I know it's low priority, but CM is straight up broken today.  I tried to post something and it said "This forum requires that you wait 30 seconds between posts. Please try again in 37372418 seconds."  That's not a typo, I C&P'd it.

Also, thread read status is broken in all subforums (everything shows as unread and won't change), recent threads aren't showing, and somehow goldomark has managed to post ahead of the OP in two threads, despite a date tag up to 2 weeks after the OP.

Hacked?


----------



## Lanefan (Jun 29, 2019)

37372418 seconds - that's only a bit over a year - no time at all!


----------



## Morrus (Jun 29, 2019)

It never ends...


----------



## Ovinomancer (Jun 29, 2019)

Morrus said:


> It never ends...




Course it doesn't.  Then it wouldn't be fun!


----------



## Morrus (Jul 1, 2019)

So I'm guessing some kind of glitch with the server clock, but I just posted and it seemed fine. Is it still not letting you post?


----------



## Ovinomancer (Jul 2, 2019)

Circvs Maximvs said:
			
		

> This forum requires that you wait 30 seconds between posts. Please try again in 37115738 seconds.
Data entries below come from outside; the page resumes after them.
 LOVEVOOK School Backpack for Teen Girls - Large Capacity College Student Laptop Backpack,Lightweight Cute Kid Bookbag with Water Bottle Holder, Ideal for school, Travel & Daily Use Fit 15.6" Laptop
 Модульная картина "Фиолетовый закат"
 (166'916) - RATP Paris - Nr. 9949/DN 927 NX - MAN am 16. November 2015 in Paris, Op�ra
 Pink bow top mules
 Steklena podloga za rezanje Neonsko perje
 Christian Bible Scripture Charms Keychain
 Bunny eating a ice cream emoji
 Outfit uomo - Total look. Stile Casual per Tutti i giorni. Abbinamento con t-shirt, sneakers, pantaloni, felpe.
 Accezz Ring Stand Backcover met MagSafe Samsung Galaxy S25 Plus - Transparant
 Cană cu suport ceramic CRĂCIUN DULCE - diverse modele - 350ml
 [MENTION=1]Morrus[/MENTION], 

Oooh, getting closer!

Nope, can't post, and almost all the threads show as unread.  If I click 'mark forum as read' it does so, until I refresh the page, then they're all unread again.  There hasn't been a new post since the 26th, which is unusual.


----------



## Umbran (Jul 2, 2019)

Have you done the usual "clear cache and cookies" step, or alternatively, tried to access the site from a computer you don't usually use for it?


----------



## Mustrum_Ridcully (Jul 2, 2019)

I tried to report a spam post on CM, and also got a similar message that I can't report again before the [ridicilous number of seconds] have expired.


----------



## Mustrum_Ridcully (Jul 2, 2019)

Umbran said:


> Have you done the usual "clear cache and cookies" step, or alternatively, tried to access the site from a computer you don't usually use for it?




I just tried that, and it did not change anything for me.


----------



## Ovinomancer (Jul 3, 2019)

Umbran said:


> Have you done the usual "clear cache and cookies" step, or alternatively, tried to access the site from a computer you don't usually use for it?




Yup.  No change.  Have you tried to log in and post and had success?


----------



## Joshua Randall (Jul 3, 2019)

MacOS High Sierria
Chrome 75
cache cleared, computer I haven't used recently for CM (last sign-in on this computer was probably 6 months ago)

Attempted to reply to a thread in The Aqueducts
"This forum requires that you wait 30 seconds between posts. Please try again in 35026571 seconds."

Attempted to START a new thread in The Aqueducts
"This forum requires that you wait 30 seconds between posts. Please try again in 35026480 seconds."

Attempted to reply to a thread in The Taberna
"This forum requires that you wait 30 seconds between posts. Please try again in 35026426 seconds."

Last post in The Taberna was reveal's trivia thread from 26 June. I cannot imagine reveal failing to post his trivia for love or money! Or board glitches I guess.


----------



## Morrus (Jul 4, 2019)

Check this out in the meantime:

http://circvsmaximvs.boards.net/

The old site is on very old software; while nothing is decided, it may be time to move to something more current.


----------



## Joshua Randall (Jul 10, 2019)

Neo CM doesn't allow spaces in usernames? Bah, humbug.


----------